Jorma Ollila, chairman of Nokia, the mobile phone maker, and oil major Royal Dutch Shell, said the Nordic style of capitalism was characterised by openness to globalisation balanced by strong government programmes to protect people from its excesses and an egalitarian education system.
In an interview with the Financial Times, Mr Ollila said: “What is the future of capitalism? In one way or other the answer is to solve these issues that the Nordic model does well. These are the ingredients. The Nordic model has a good bid [to be the best system]”.
His views carry weight as he is one of Europe’s leading businessmen after 15 years as chief executive of Nokia, which he turned from a struggling Finnish conglomerate into the world’s largest mobile phone maker. He is also head of the European Roundtable of Industrialists (ERT), a Who’s Who of nearly 50 of the most prominent business leaders on the continent.
He said Nordic politicians in the 1990s showed “a lot of wisdom” and did not resort to protectionism while taking risky decisions.
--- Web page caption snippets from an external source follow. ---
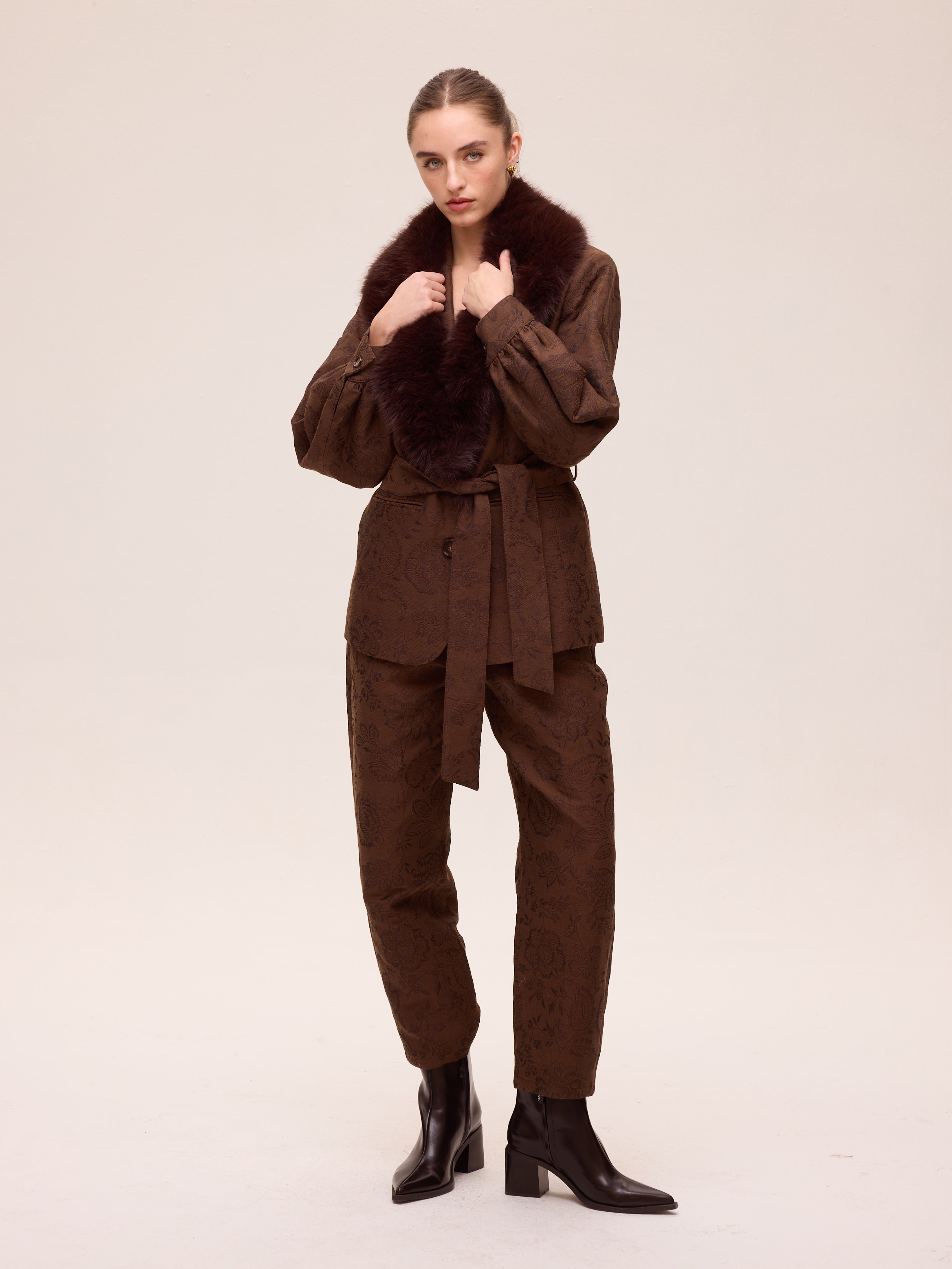 GLOOM BROWN - Pantalón barrel damasco bordado flores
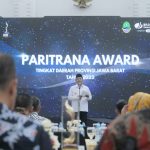 Serahkan Penghargaan Paritrana Award Tingkat Jabar, Uu Ruzhanul: Perhatikan dan Lindungi Tenaga Kerja Serahkan Penghargaan Paritrana Award Tingkat Jabar, Uu Ruzhanul: Perhatikan dan Lindungi Tenaga Kerja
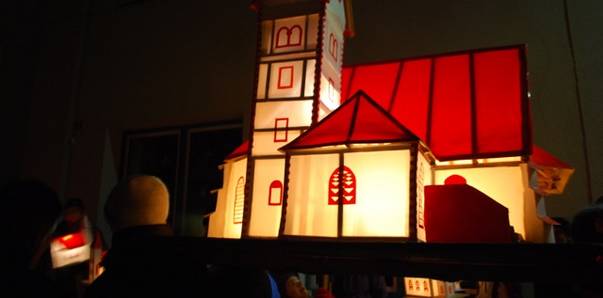 Das Kirchleintragen findet am Abend vor Maria Lichtmess (1. Februar) statt. Man bastelt Kirchlein verschiedener Größen und Bauweisen aus Papier und Holz. Im Inneren werden sie mit einer Kerze beleuchtet und an einem Stock befestigt.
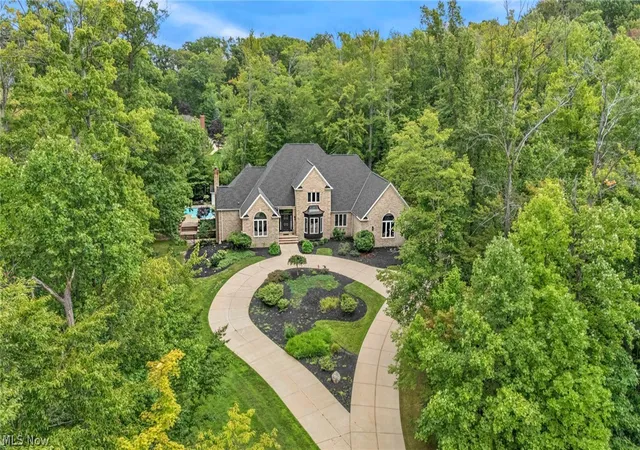 Photo 2 of Single family home for sale at 8215 Eagle Ridge Dr, Concord Township, OH 44077 | MLS# 5237231 | Listing updated on 2026-09-14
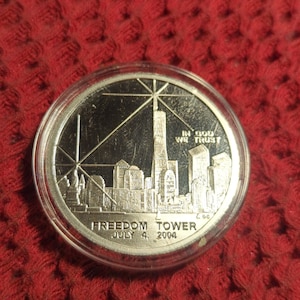 2004 commemorative dollar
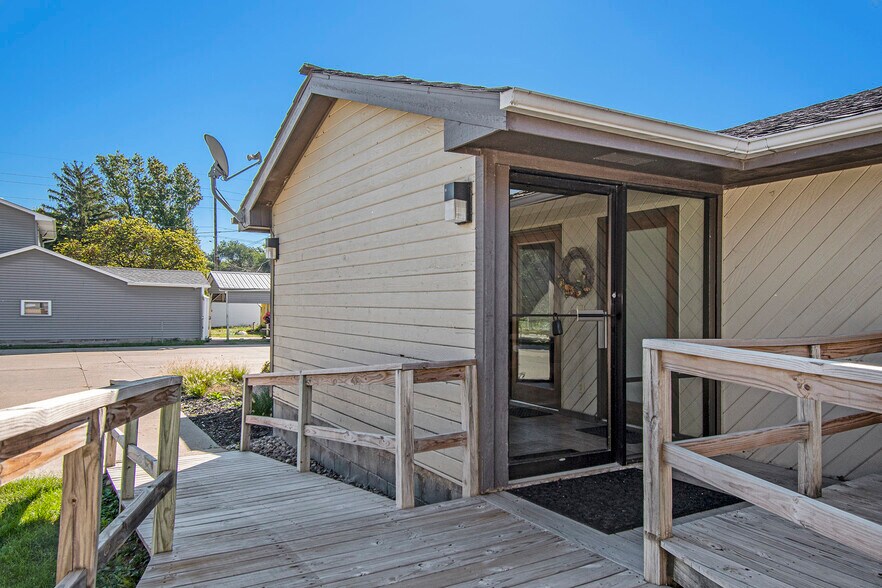 More Photos Of 1010 N Broadway St, Red Oak Medical For Sale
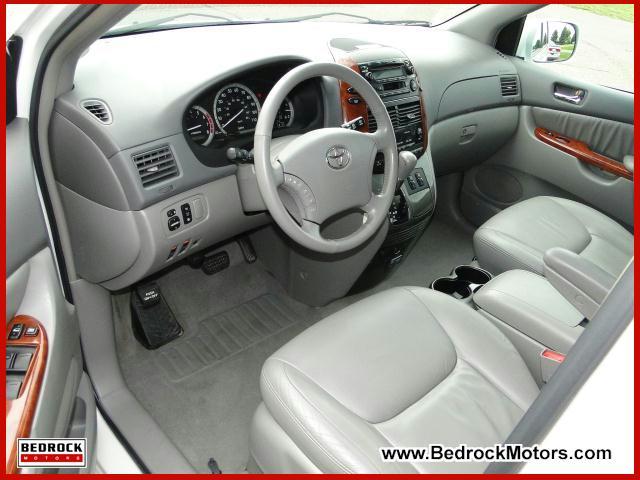 Toyota Sienna 2004 photo 5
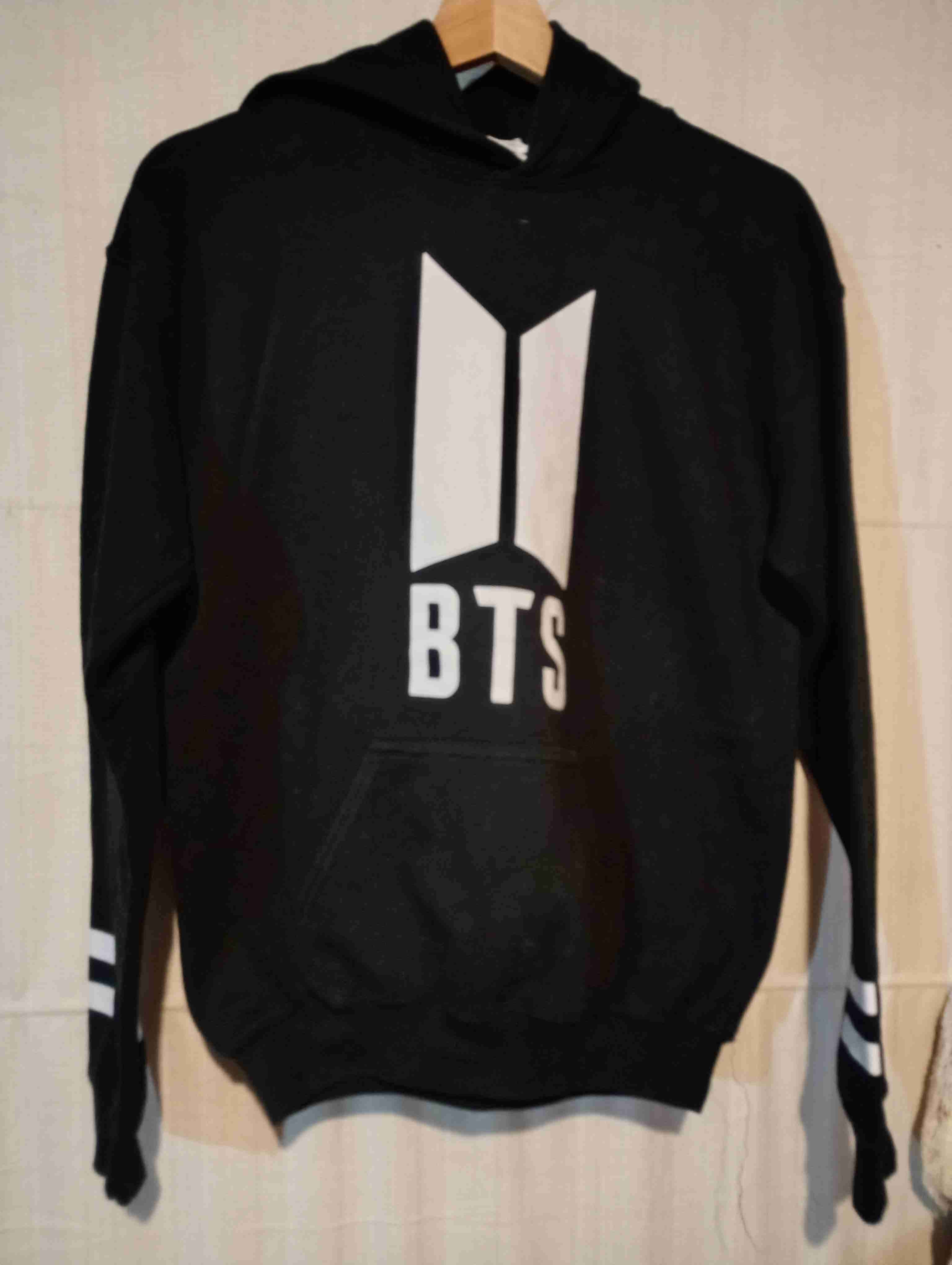 Polerón negro BTS con capucha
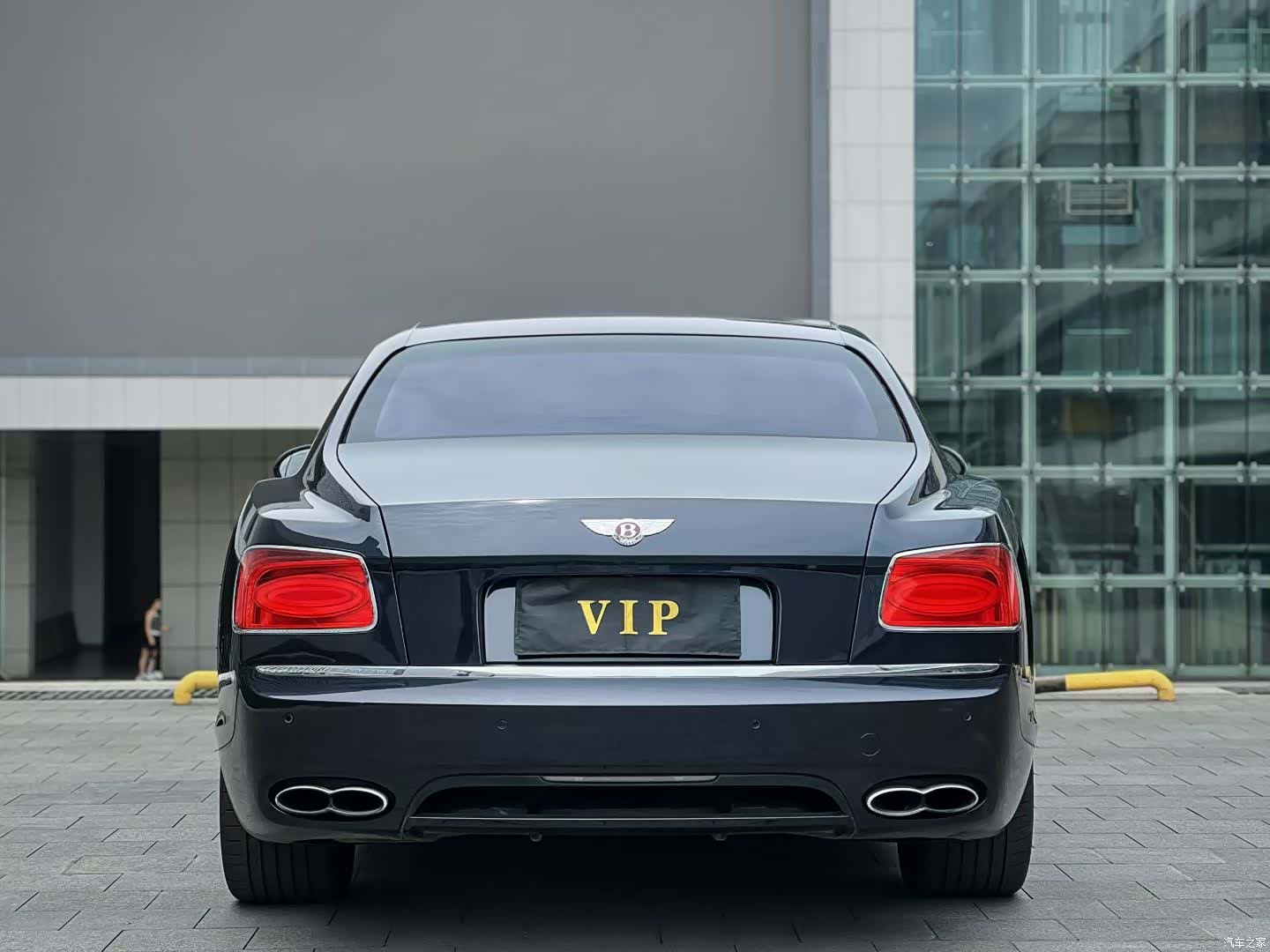 Bentley Flying Spur, 2018 все фото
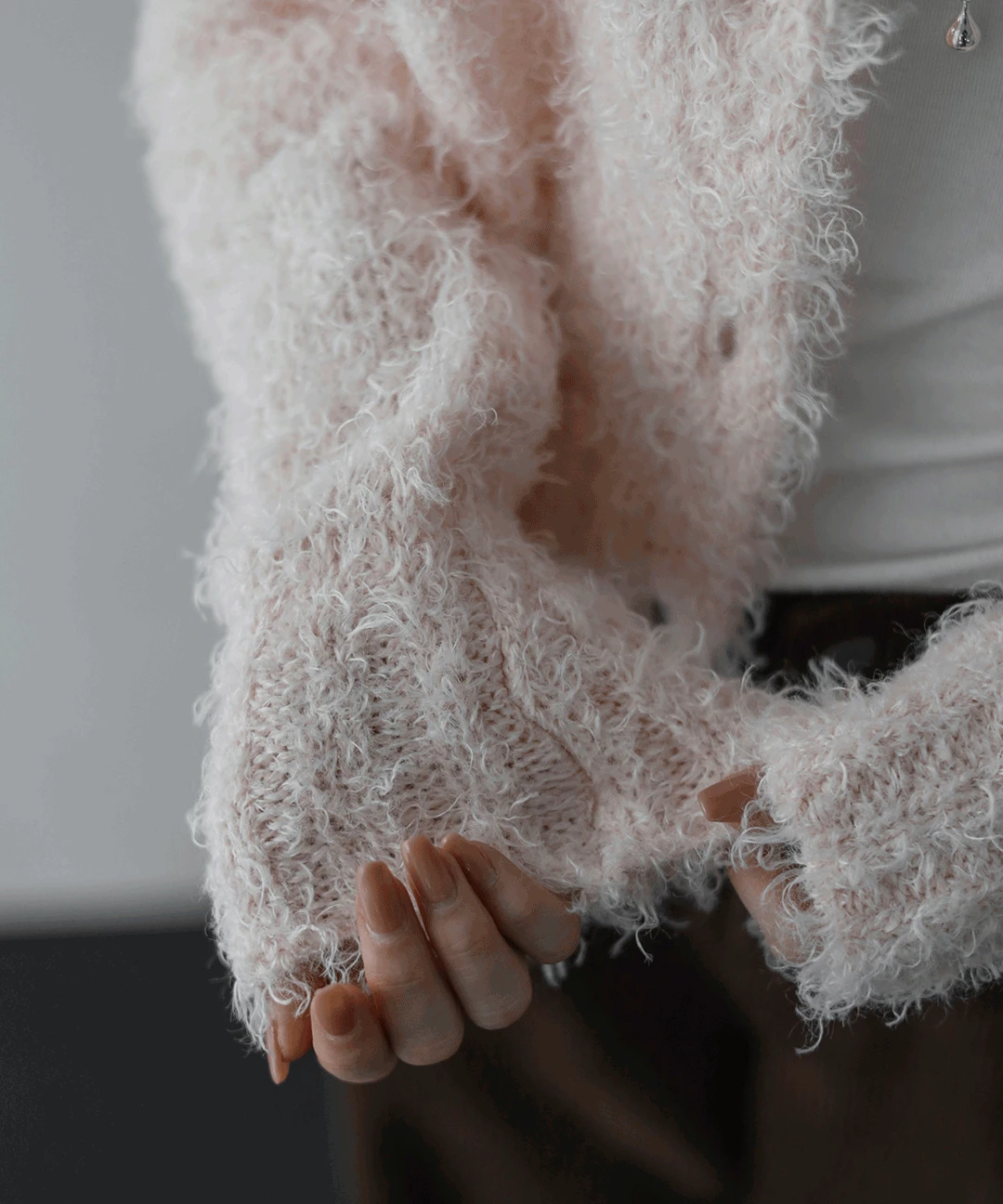 블러썸 헤어리 가디건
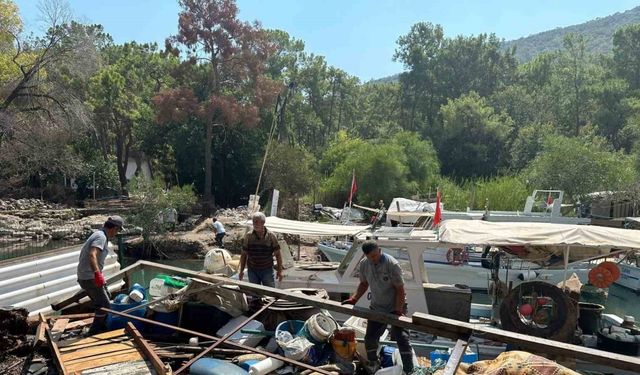 Kemer Balıkçı Barınağı’ndaki kaçak yapılar kaldırıldı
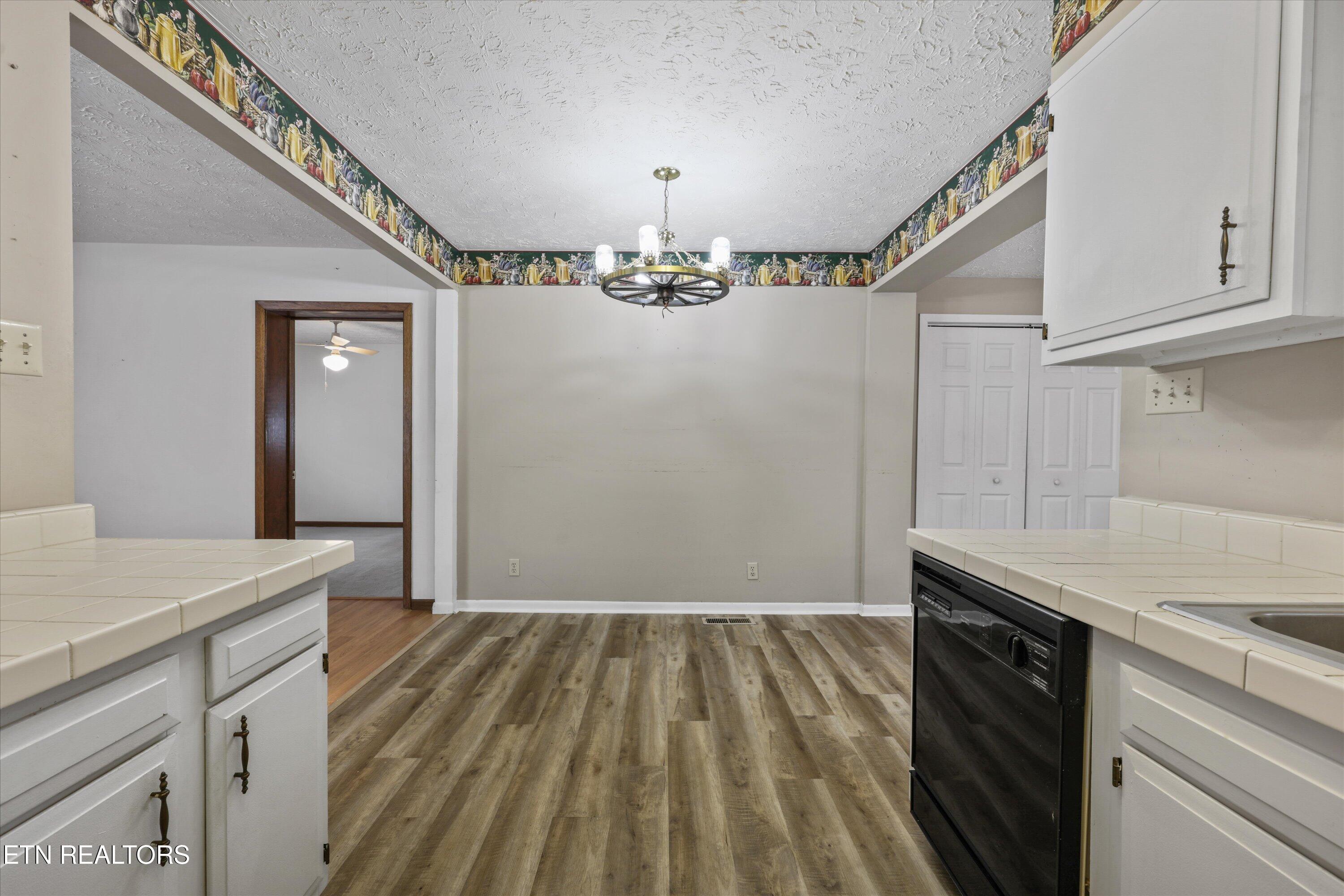 359 East Wolf Valley Road Heiskell, TN 37754 - Photo 8 of 40 359-wolf-valley-kitchen-dining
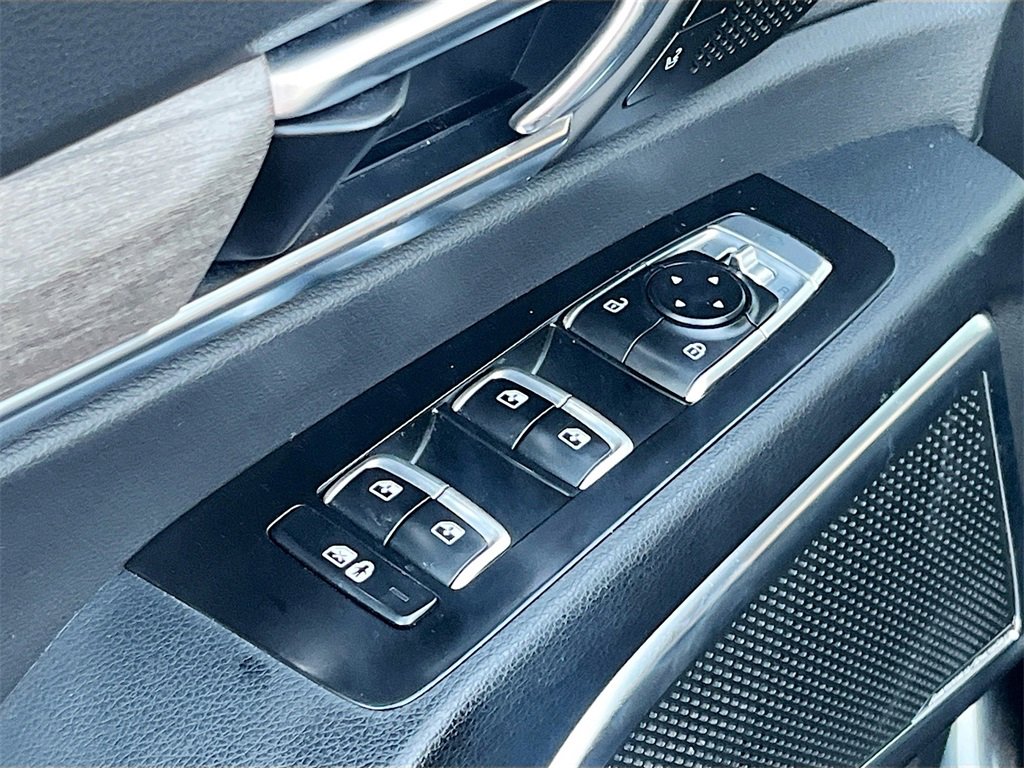 Used 2022 Kia Telluride SX w/ SX Prestige Package image 18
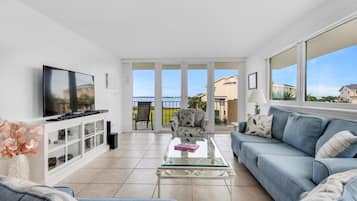 Appartement, meerdere bedden (Santa Rosa Dunes 1021) | Woonruimte | Een televisie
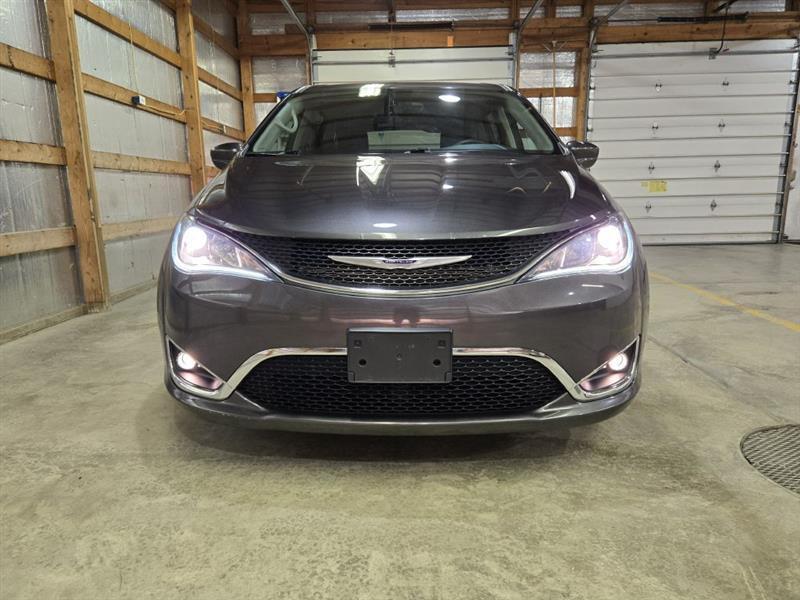Chrysler Pacifica Touring Plus 2019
Companies, including Nokia, restructured heavily and made themselves highly competitive, said Mr Ollila.
He expressed hopes that policymakers today would follow a similar path. “It would be very much on my wish list for Europe,” said Mr Ollila. “You don’t look at how good you are yourself but you look at the world as a whole.”
If politicians failed to resist protectionism, there was a “serious” chance that the world could slide into economic depression, he argued.
Government measures to solve the crisis had had little impact on the real economy as the situation had not improved since November, when the ERT first sounded the alarm on the desperate situation for many suppliers and customers of large industrial groups.
One of the biggest concerns of the ERT was the potential damage to globalisation and the European Union’s internal market. Mr Ollila said Nordic countries had learnt to share the risk of globalisation with the general public and show “social solidarity” with people affected by it: “As we have now seen, it is a risky proposition opening yourself up to globalisation.”